Scalable and adaptable typosquatting detection in Apache Metron

Scalable and adaptable typosquatting detection in Apache Metron

Tuesday, June 19
11:50 AM - 12:30 PM
Meeting Room 230C

Typosquatting is a form of cybersquatting (e.g. registering a domain that is similar to an existing domain) where a domain that is a common misspelling of another domain is registered and used for possibly malicious ends. It is an attack that has affected everyone from Google to the televangelist Jerry Falwell and has regulations against it encoded in US law. Even so, it remains extremely popular and particularly heinous and effective when used by advanced malicious actors who may rely on typosquatted domains to gull unwitting users to be more likely to click on a malicious URL in a spearphishing attack.

Detecting typosquatting attacks in realtime can be challenging as there are as many ways to typosquat as there are to make typos. Often, intrusion detection systems will generate the typosquatted domains and store them in a database for comparison. However, given the number of domains possible, this is a daunting task storage-wise. Furthermore, this approach can become out of date quickly.

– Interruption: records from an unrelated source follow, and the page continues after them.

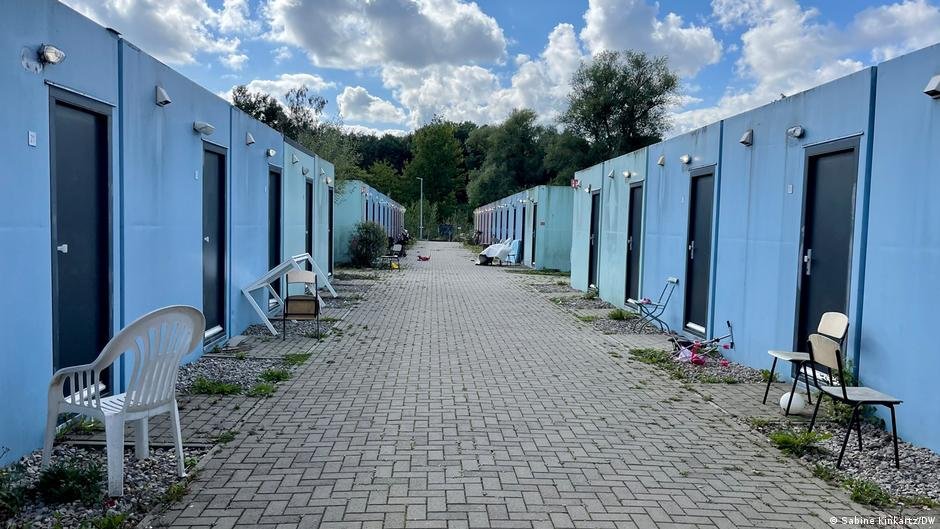A Dutch company sets up makeshift accommodation to house refugees | Photo: Sabine Kinkartz/DW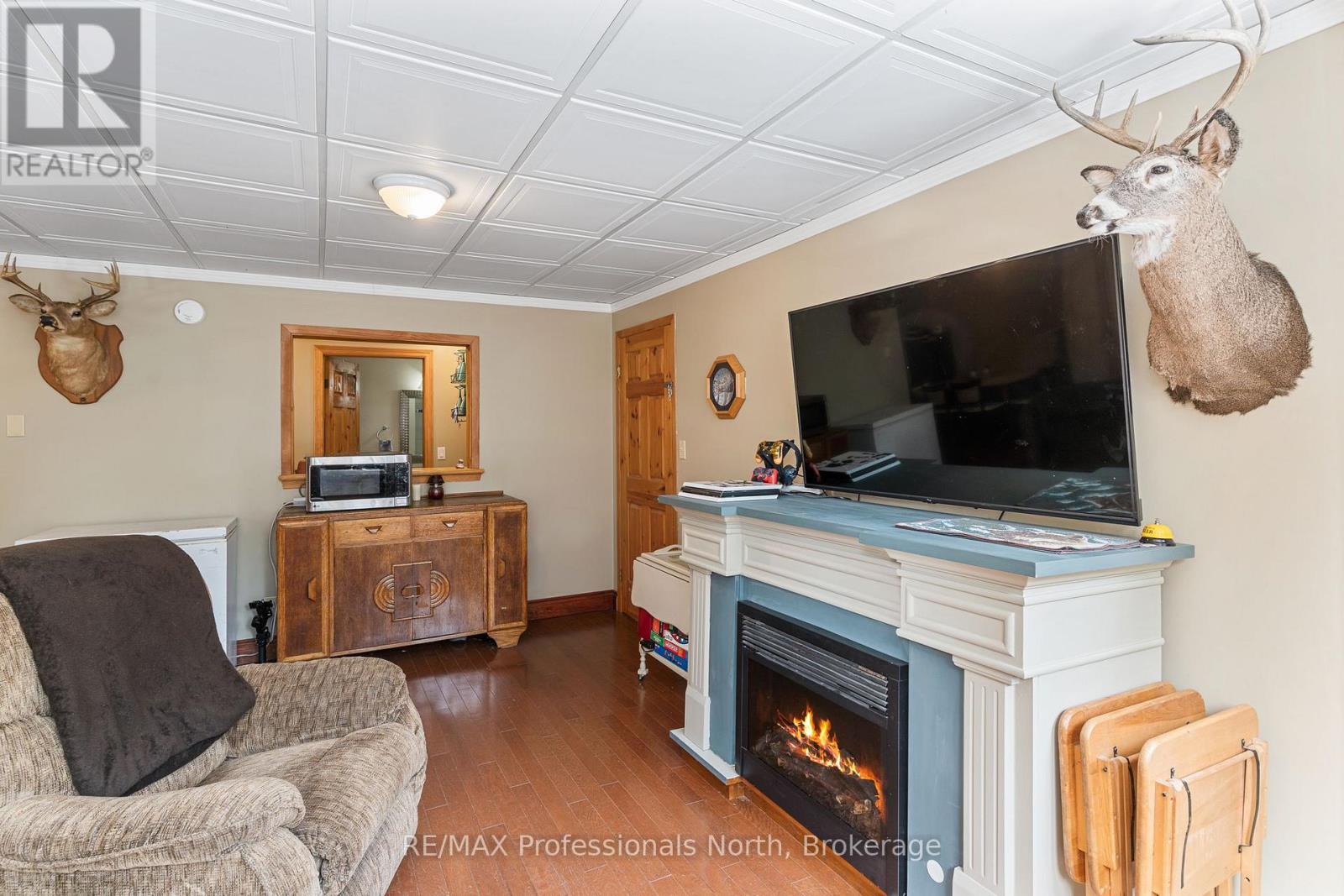 28 Independence Street, Dysart Et Al, Ontario  K0M 1S0 - Photo 41 - X12924072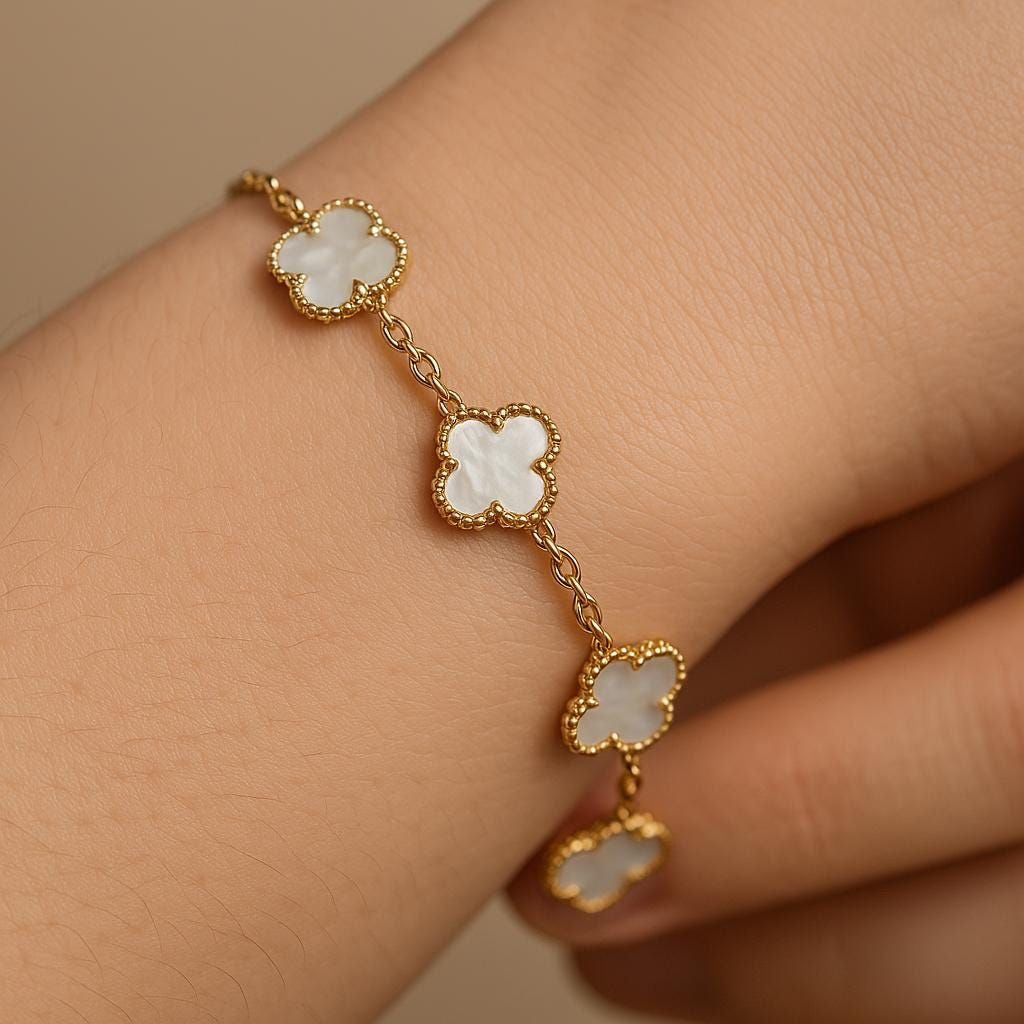 Brazalete Trébol Blanco ✨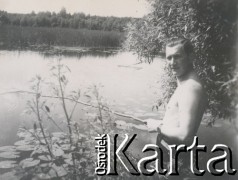 1930-1950, miejsce nieznane, Polska.
Mężczyzna nad jeziorem.
Fot. NN, kolekcja rodziny Walińskich, zbiory Fundacji Ośrodka KARTA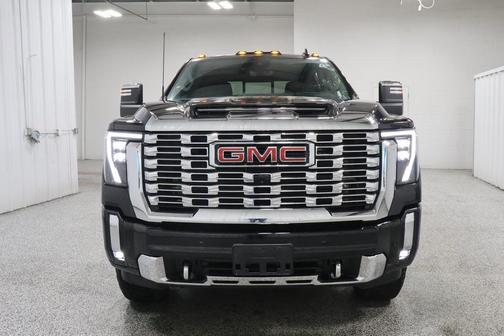 2024 GMC Sierra 2500 Denali
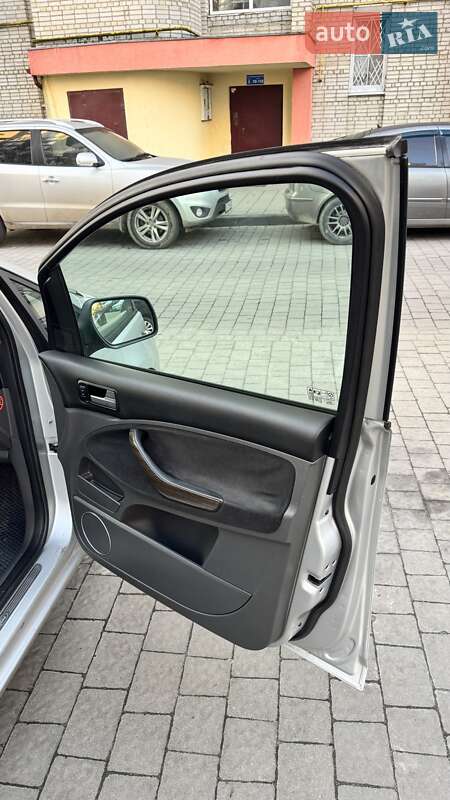 Минивэн Ford C-Max 2010 в Львове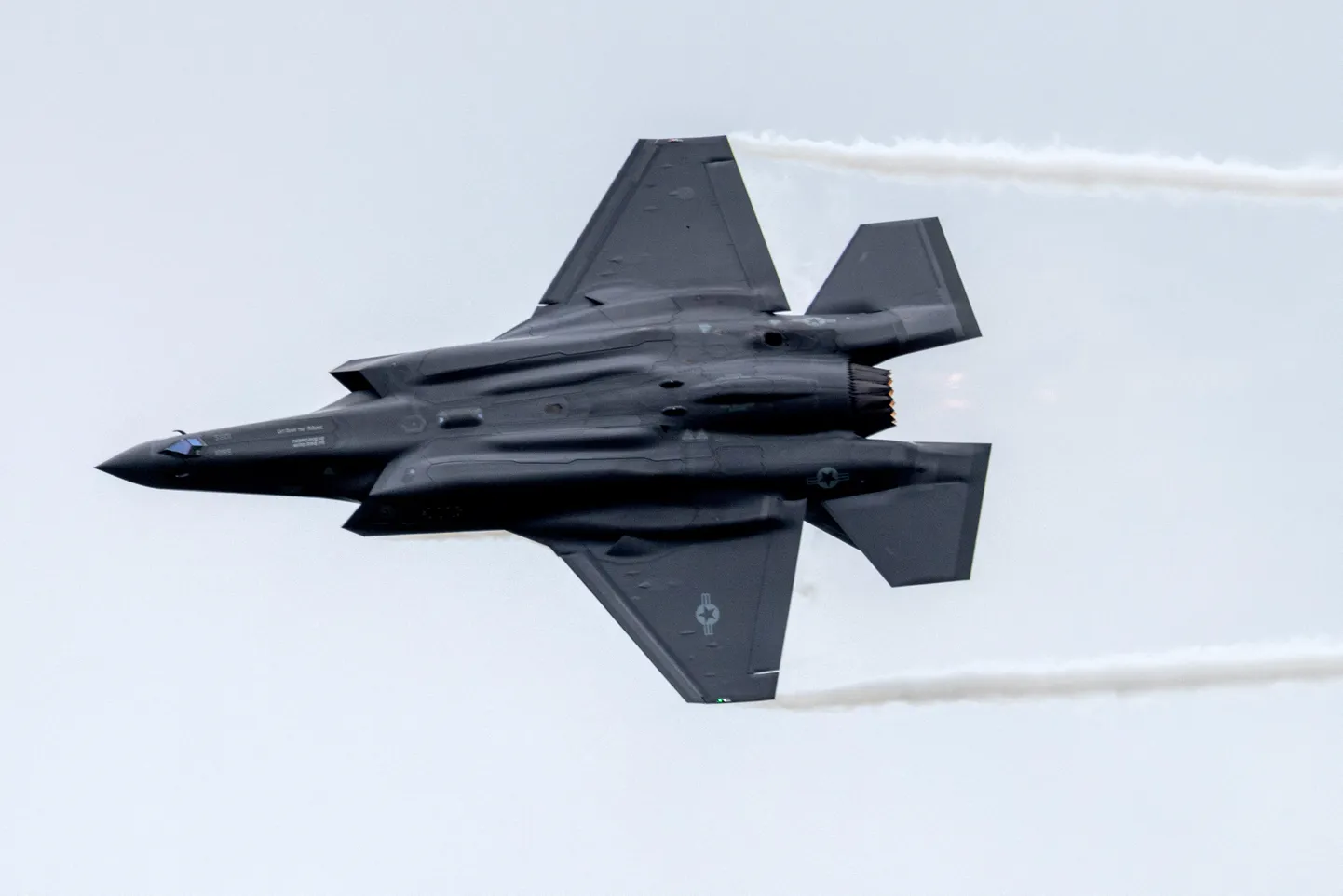 F-35 hävitaja Berliinis Schoenefeldi lennujaamas 5. juunil 2024. a.
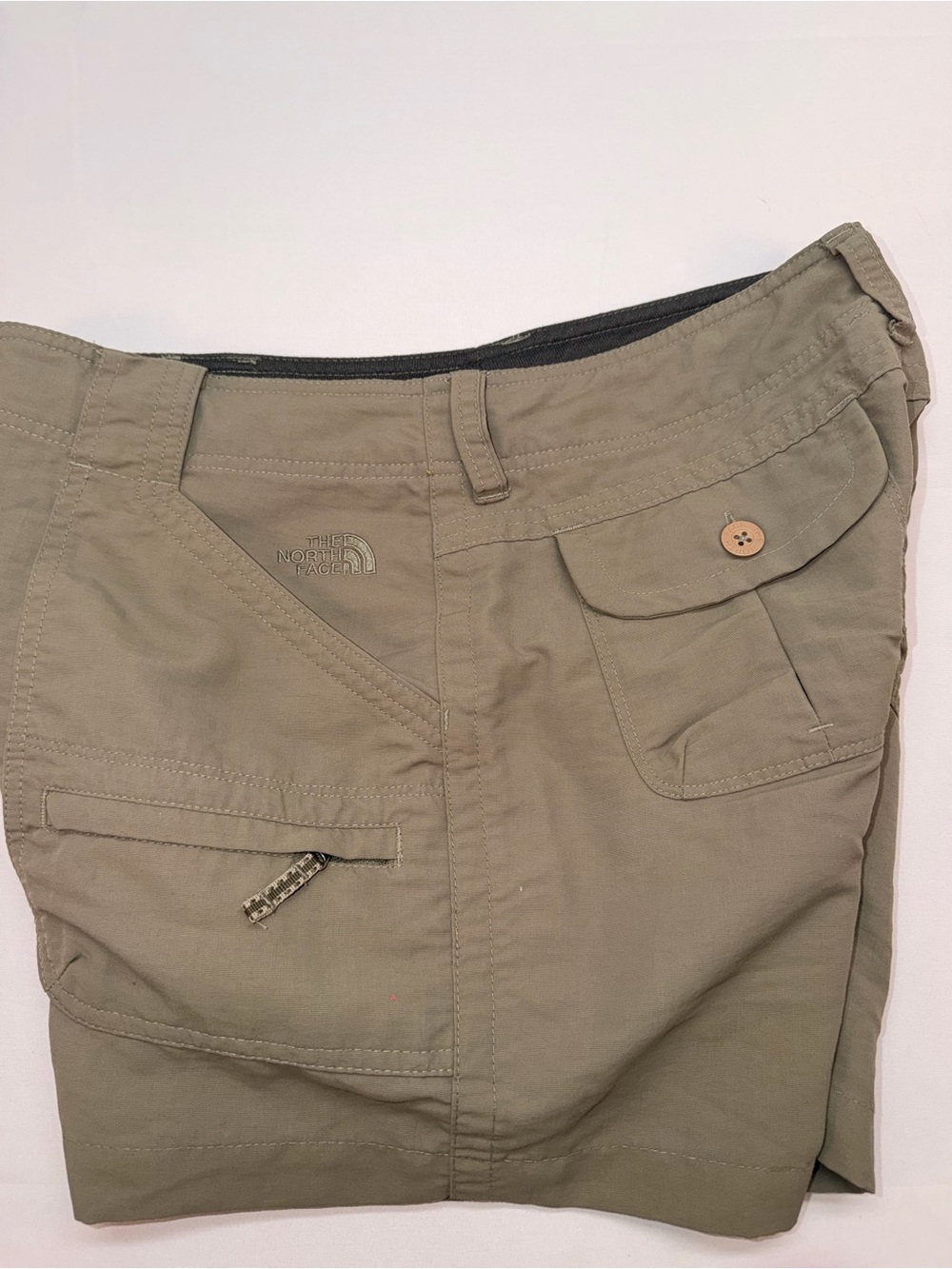The North Face Olive Green Hiking Cargo Shorts Women’s Size 8 - Picture 12 of 12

We will talk about using sketching data structures in Metron to detect typosquatted domains scalably and adaptably. Furthermore, we will discuss how to ensure that the set of typosquatted domains is kept current with the domains actually seen in an organization's network.


Casey Stella
Principal Software Engineer
I am a Principal Software Engineer focusing on Data Science at Hortonworks. I am also the Vice President and an active committer for the Apache Metron project. In the past, I've worked as an architect and senior engineer at a healthcare informatics startup spun out of the Cleveland Clinic, as a developer at Oracle and as a Research Geophysicist in the Oil & Gas industry. Before that, I was a poor graduate student in Math at Texas A&M. I primarily work with the Apache Hadoop software stack. I specialize in writing software and solving problems where there are either scalability concerns due to large amounts of traffic or large amounts of data. I have a particular passion for data science problems or any thing vaguely mathematical. As a Principal Architect focused on data science, I spend time with a variety of clients, large and small, mentoring and helping them use Hadoop to solve their problems.
Michael Miklavcic
Staff Engineer
Michael Miklavcic is a committer and PMC member for Apache Metron and has been involved with the project for the past two years. He is a software engineer and architect with over ten years of industry experience and worked as a Systems Architect with Hortonworks for three years prior to transitioning to the engineering team for Metron. He has given numerous talks both on the domestic and international stage, including Hadoop Summit San Jose, Apache Con Big Data Europe, and multiple local Hadoop user groups. He is a code contributor to multiple Apache open source projects and has worked directly with clients to implement solutions using Hadoop. Michael has degrees in computer science and computer information systems from Baldwin Wallace in Cleveland, OH.